Desplantes a la hipocresía
Philippe Le Guay reflexiona, siempre en paralelo con la obra original, sobre la realidad de la profesión interpretativa
La vigencia de El misántropo, obra escrita por Molière en el año 1666, no se discute. De hecho, en estos días van a coincidir en las salas de cine y de teatro dos adaptaciones libérrimas, realizadas por el francés Philippe Le Guay, en Molière en bicicleta, y por el español Miguel del Arco, en Misántropo,ambas trasladadas a la época actual. Las relaciones personales, la mentira y la vanidad, sus triunfos y sus fracasos, en un universo de egos, soledades, mediocridad e hipocresía, entre la violencia verbal y la falsa caricia, siempre han estado ahí. Y Le Guay, inspirándose en una idea de Fabrice Luchini, su fabuloso protagonista, un maestro de la contención, de la mirada afilada sin mover un músculo, de la gracia y de la tragedia, lo demuestra con una película que, casi como metáfora de la obra, es mejor cuanto más antipática se hace y peor cuando más agradable quiere ser.
MOLIÈRE EN BICICLETA
Dirección: Phillippe Le Guay.
Intérpretes: Fabrice Luchini, Lambert Wilson, Maya Sansa, Ged Marlon, Camille Japy.

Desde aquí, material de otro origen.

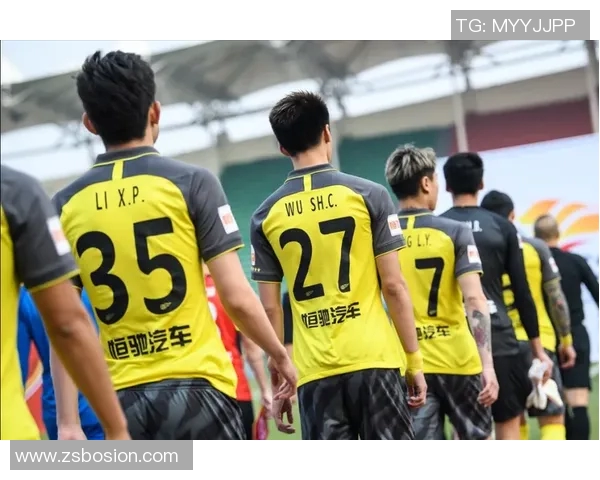 南京足球队与广州足球队赛后分析揭示实力对比与战术博弈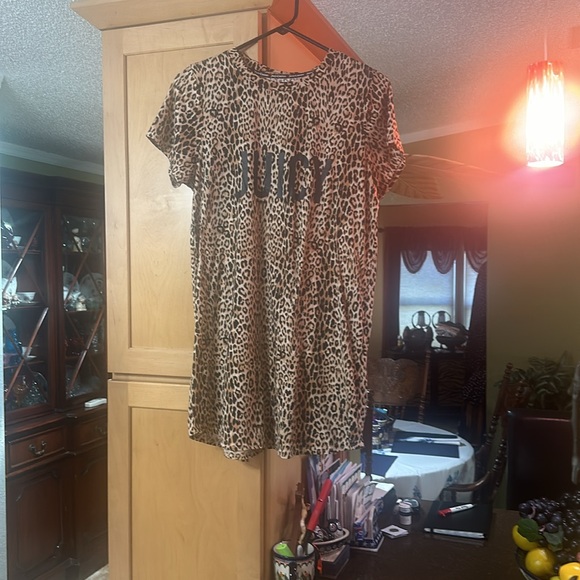 Juicy couture  night shirt very nice - Picture 3 of 3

Género: drama. Francia, 2013.
Duración: 104 minutos.
Le Guay, con algunos problemas de montaje (¡esas cortinillas infames!), centra su relato en el mundo de la interpretación: un actor-estrella de la televisión, que representa al personaje de Filinto, la honestidad basada en la cortesía y en la complacencia, en la pura fachada, propone representar de nuevo la obra a un viejo amigo medio retirado de la actuación y del mundo, es decir, Celestes, el misántropo, un enamorado de la verdad, por dura que sea, y en continua batalla contra la idiotez. Un combate ensayístico que sirve a Le Guay para reflexionar, siempre en paralelo con la obra original, sobre la realidad de la profesión interpretativa, “donde no hay amistad, fidelidad ni lealtad”, sobre el elitismo y la popularidad (¿el respeto a la métrica alejandrina o la libertad de actuación?) y, sobre todo, sobre si hay que ser un verdadero misántropo para poder sentir el papel.
En el alambre entre la deliciosa comedia campestre venida a menos y el drama de tesis, Molière en bicicleta se convierte en la notable película a la que siempre aspira cuando se deja de gracietas (el gag del jacuzzi, el asunto de la actriz porno...), y se centra en el soberbio duelo de egos entre los actores. Y lo hace con unos 10 minutos finales sensacionales, que dejan el exquisito regusto amargo y procaz de un buen insulto. El del misántropo auténtico.